* What you have to do
The expected answer is the set of lines in the data below between the line holding "什么是BitP？它是冷钱包吗？全面解析加密货币冷钱包的概念" and the line holding "API 6D Non-Slam Axial Flow Check Valve 5", inclusive, written out exactly.

* The data
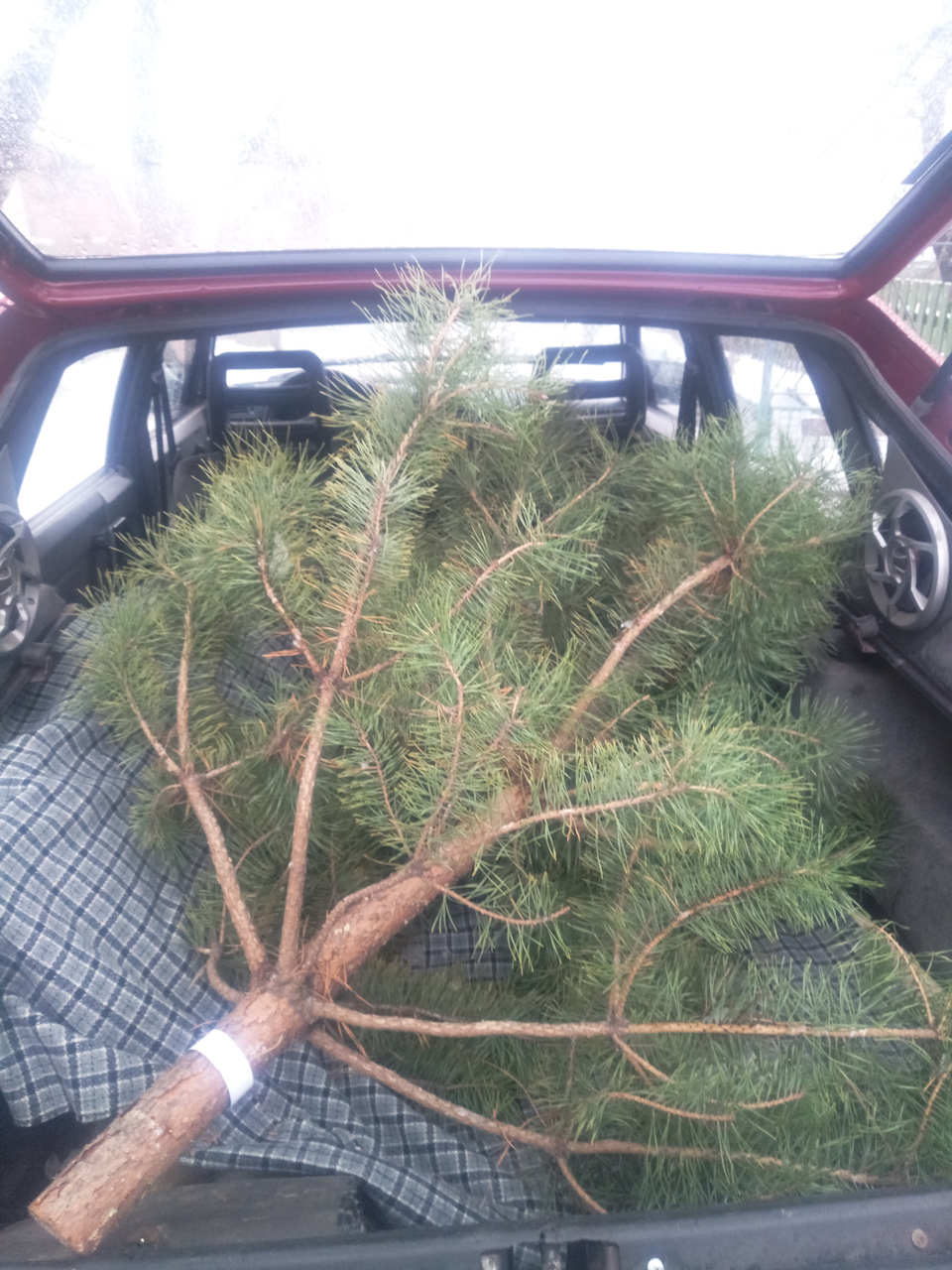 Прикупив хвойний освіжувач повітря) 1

...

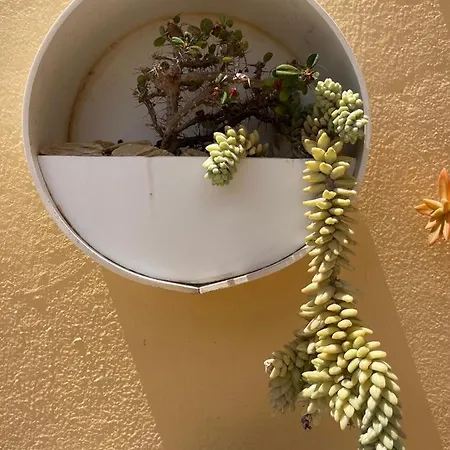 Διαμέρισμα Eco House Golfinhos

* * *

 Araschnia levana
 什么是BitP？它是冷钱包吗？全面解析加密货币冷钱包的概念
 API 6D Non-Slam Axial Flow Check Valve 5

* Result of this task
 什么是BitP？它是冷钱包吗？全面解析加密货币冷钱包的概念
 API 6D Non-Slam Axial Flow Check Valve 5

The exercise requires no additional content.